-- Opening Marker --
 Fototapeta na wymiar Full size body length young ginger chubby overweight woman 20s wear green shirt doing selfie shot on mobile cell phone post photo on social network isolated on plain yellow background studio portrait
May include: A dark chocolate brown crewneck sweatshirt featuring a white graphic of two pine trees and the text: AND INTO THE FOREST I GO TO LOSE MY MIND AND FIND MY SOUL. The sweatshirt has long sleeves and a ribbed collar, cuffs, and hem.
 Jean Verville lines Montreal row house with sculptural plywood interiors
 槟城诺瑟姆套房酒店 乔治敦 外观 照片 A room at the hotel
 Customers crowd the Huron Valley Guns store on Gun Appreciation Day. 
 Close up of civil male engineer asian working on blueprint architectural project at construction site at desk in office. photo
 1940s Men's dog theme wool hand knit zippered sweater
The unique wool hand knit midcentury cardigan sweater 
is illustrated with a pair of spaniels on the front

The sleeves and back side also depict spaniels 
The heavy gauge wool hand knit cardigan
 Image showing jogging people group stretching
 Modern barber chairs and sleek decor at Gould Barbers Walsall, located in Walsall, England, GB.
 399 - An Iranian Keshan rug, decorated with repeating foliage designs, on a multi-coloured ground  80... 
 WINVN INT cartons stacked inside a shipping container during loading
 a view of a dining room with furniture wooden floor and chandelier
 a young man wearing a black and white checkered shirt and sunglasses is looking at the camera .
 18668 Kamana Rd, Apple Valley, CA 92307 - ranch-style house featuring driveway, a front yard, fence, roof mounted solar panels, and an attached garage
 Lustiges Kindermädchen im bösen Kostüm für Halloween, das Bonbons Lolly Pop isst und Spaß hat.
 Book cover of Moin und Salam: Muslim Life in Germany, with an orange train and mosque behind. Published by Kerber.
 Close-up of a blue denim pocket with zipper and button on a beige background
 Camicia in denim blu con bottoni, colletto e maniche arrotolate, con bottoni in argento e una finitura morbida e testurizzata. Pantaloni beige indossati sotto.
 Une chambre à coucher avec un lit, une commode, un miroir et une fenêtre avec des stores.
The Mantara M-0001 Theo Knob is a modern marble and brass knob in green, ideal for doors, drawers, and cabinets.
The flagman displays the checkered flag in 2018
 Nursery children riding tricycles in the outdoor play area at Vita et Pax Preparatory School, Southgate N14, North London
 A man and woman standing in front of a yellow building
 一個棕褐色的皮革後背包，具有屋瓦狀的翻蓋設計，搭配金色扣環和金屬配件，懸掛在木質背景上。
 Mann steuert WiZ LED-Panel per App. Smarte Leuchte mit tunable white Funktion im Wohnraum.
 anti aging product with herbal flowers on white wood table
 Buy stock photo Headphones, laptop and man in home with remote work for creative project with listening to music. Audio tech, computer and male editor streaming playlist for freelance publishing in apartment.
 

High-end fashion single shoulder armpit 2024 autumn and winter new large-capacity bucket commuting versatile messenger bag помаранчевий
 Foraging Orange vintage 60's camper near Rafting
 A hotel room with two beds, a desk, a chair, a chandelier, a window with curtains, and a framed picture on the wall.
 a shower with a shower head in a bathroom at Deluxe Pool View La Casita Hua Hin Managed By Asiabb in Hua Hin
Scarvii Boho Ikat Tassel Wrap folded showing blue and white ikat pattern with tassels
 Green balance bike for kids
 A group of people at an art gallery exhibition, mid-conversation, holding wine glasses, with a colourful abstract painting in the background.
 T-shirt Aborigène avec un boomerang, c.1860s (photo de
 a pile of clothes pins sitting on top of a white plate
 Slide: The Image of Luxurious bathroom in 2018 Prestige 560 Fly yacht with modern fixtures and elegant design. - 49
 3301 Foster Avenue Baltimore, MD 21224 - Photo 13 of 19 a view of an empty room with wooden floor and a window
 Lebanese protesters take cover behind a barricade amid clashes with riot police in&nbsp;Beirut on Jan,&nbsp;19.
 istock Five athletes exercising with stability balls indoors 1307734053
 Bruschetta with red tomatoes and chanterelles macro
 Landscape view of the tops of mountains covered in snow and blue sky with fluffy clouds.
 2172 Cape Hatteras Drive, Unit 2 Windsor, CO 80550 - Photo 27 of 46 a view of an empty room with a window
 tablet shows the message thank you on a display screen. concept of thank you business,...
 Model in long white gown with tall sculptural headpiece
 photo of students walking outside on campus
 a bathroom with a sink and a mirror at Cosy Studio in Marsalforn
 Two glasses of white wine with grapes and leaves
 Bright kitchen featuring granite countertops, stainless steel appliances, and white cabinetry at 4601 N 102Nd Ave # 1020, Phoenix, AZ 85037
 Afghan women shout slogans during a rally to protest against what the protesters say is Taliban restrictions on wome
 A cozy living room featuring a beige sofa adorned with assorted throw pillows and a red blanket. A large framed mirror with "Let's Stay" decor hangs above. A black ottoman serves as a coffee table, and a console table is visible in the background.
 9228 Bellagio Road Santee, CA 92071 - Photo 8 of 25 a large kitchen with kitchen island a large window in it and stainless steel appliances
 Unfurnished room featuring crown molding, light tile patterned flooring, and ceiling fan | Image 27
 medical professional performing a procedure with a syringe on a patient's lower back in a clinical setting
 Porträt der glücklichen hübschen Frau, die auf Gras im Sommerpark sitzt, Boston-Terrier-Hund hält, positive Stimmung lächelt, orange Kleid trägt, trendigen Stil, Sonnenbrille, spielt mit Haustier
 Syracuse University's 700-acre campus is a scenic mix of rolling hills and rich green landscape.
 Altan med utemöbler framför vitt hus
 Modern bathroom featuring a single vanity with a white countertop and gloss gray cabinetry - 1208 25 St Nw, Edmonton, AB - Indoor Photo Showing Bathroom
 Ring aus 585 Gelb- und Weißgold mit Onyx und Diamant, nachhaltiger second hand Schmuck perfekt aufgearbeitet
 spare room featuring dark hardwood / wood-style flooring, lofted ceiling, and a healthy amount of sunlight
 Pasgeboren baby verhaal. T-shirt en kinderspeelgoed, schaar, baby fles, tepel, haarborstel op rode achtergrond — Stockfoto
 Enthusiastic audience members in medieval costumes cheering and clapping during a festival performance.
-- Closing Marker --
HOW TO COMPLETE THIS TASK
All of the entries should be output exactly as they appear above.

EXERCISE OUTPUT
 Fototapeta na wymiar Full size body length young ginger chubby overweight woman 20s wear green shirt doing selfie shot on mobile cell phone post photo on social network isolated on plain yellow background studio portrait
May include: A dark chocolate brown crewneck sweatshirt featuring a white graphic of two pine trees and the text: AND INTO THE FOREST I GO TO LOSE MY MIND AND FIND MY SOUL. The sweatshirt has long sleeves and a ribbed collar, cuffs, and hem.
 Jean Verville lines Montreal row house with sculptural plywood interiors
 槟城诺瑟姆套房酒店 乔治敦 外观 照片 A room at the hotel
 Customers crowd the Huron Valley Guns store on Gun Appreciation Day. 
 Close up of civil male engineer asian working on blueprint architectural project at construction site at desk in office. photo
 1940s Men's dog theme wool hand knit zippered sweater
The unique wool hand knit midcentury cardigan sweater 
is illustrated with a pair of spaniels on the front

The sleeves and back side also depict spaniels 
The heavy gauge wool hand knit cardigan
 Image showing jogging people group stretching
 Modern barber chairs and sleek decor at Gould Barbers Walsall, located in Walsall, England, GB.
 399 - An Iranian Keshan rug, decorated with repeating foliage designs, on a multi-coloured ground  80... 
 WINVN INT cartons stacked inside a shipping container during loading
 a view of a dining room with furniture wooden floor and chandelier
 a young man wearing a black and white checkered shirt and sunglasses is looking at the camera .
 18668 Kamana Rd, Apple Valley, CA 92307 - ranch-style house featuring driveway, a front yard, fence, roof mounted solar panels, and an attached garage
 Lustiges Kindermädchen im bösen Kostüm für Halloween, das Bonbons Lolly Pop isst und Spaß hat.
 Book cover of Moin und Salam: Muslim Life in Germany, with an orange train and mosque behind. Published by Kerber.
 Close-up of a blue denim pocket with zipper and button on a beige background
 Camicia in denim blu con bottoni, colletto e maniche arrotolate, con bottoni in argento e una finitura morbida e testurizzata. Pantaloni beige indossati sotto.
 Une chambre à coucher avec un lit, une commode, un miroir et une fenêtre avec des stores.
The Mantara M-0001 Theo Knob is a modern marble and brass knob in green, ideal for doors, drawers, and cabinets.
The flagman displays the checkered flag in 2018
 Nursery children riding tricycles in the outdoor play area at Vita et Pax Preparatory School, Southgate N14, North London
 A man and woman standing in front of a yellow building
 一個棕褐色的皮革後背包，具有屋瓦狀的翻蓋設計，搭配金色扣環和金屬配件，懸掛在木質背景上。
 Mann steuert WiZ LED-Panel per App. Smarte Leuchte mit tunable white Funktion im Wohnraum.
 anti aging product with herbal flowers on white wood table
 Buy stock photo Headphones, laptop and man in home with remote work for creative project with listening to music. Audio tech, computer and male editor streaming playlist for freelance publishing in apartment.
 

High-end fashion single shoulder armpit 2024 autumn and winter new large-capacity bucket commuting versatile messenger bag помаранчевий
 Foraging Orange vintage 60's camper near Rafting
 A hotel room with two beds, a desk, a chair, a chandelier, a window with curtains, and a framed picture on the wall.
 a shower with a shower head in a bathroom at Deluxe Pool View La Casita Hua Hin Managed By Asiabb in Hua Hin
Scarvii Boho Ikat Tassel Wrap folded showing blue and white ikat pattern with tassels
 Green balance bike for kids
 A group of people at an art gallery exhibition, mid-conversation, holding wine glasses, with a colourful abstract painting in the background.
 T-shirt Aborigène avec un boomerang, c.1860s (photo de
 a pile of clothes pins sitting on top of a white plate
 Slide: The Image of Luxurious bathroom in 2018 Prestige 560 Fly yacht with modern fixtures and elegant design. - 49
 3301 Foster Avenue Baltimore, MD 21224 - Photo 13 of 19 a view of an empty room with wooden floor and a window
 Lebanese protesters take cover behind a barricade amid clashes with riot police in&nbsp;Beirut on Jan,&nbsp;19.
 istock Five athletes exercising with stability balls indoors 1307734053
 Bruschetta with red tomatoes and chanterelles macro
 Landscape view of the tops of mountains covered in snow and blue sky with fluffy clouds.
 2172 Cape Hatteras Drive, Unit 2 Windsor, CO 80550 - Photo 27 of 46 a view of an empty room with a window
 tablet shows the message thank you on a display screen. concept of thank you business,...
 Model in long white gown with tall sculptural headpiece
 photo of students walking outside on campus
 a bathroom with a sink and a mirror at Cosy Studio in Marsalforn
 Two glasses of white wine with grapes and leaves
 Bright kitchen featuring granite countertops, stainless steel appliances, and white cabinetry at 4601 N 102Nd Ave # 1020, Phoenix, AZ 85037
 Afghan women shout slogans during a rally to protest against what the protesters say is Taliban restrictions on wome
 A cozy living room featuring a beige sofa adorned with assorted throw pillows and a red blanket. A large framed mirror with "Let's Stay" decor hangs above. A black ottoman serves as a coffee table, and a console table is visible in the background.
 9228 Bellagio Road Santee, CA 92071 - Photo 8 of 25 a large kitchen with kitchen island a large window in it and stainless steel appliances
 Unfurnished room featuring crown molding, light tile patterned flooring, and ceiling fan | Image 27
 medical professional performing a procedure with a syringe on a patient's lower back in a clinical setting
 Porträt der glücklichen hübschen Frau, die auf Gras im Sommerpark sitzt, Boston-Terrier-Hund hält, positive Stimmung lächelt, orange Kleid trägt, trendigen Stil, Sonnenbrille, spielt mit Haustier
 Syracuse University's 700-acre campus is a scenic mix of rolling hills and rich green landscape.
 Altan med utemöbler framför vitt hus
 Modern bathroom featuring a single vanity with a white countertop and gloss gray cabinetry - 1208 25 St Nw, Edmonton, AB - Indoor Photo Showing Bathroom
 Ring aus 585 Gelb- und Weißgold mit Onyx und Diamant, nachhaltiger second hand Schmuck perfekt aufgearbeitet
 spare room featuring dark hardwood / wood-style flooring, lofted ceiling, and a healthy amount of sunlight
 Pasgeboren baby verhaal. T-shirt en kinderspeelgoed, schaar, baby fles, tepel, haarborstel op rode achtergrond — Stockfoto
 Enthusiastic audience members in medieval costumes cheering and clapping during a festival performance.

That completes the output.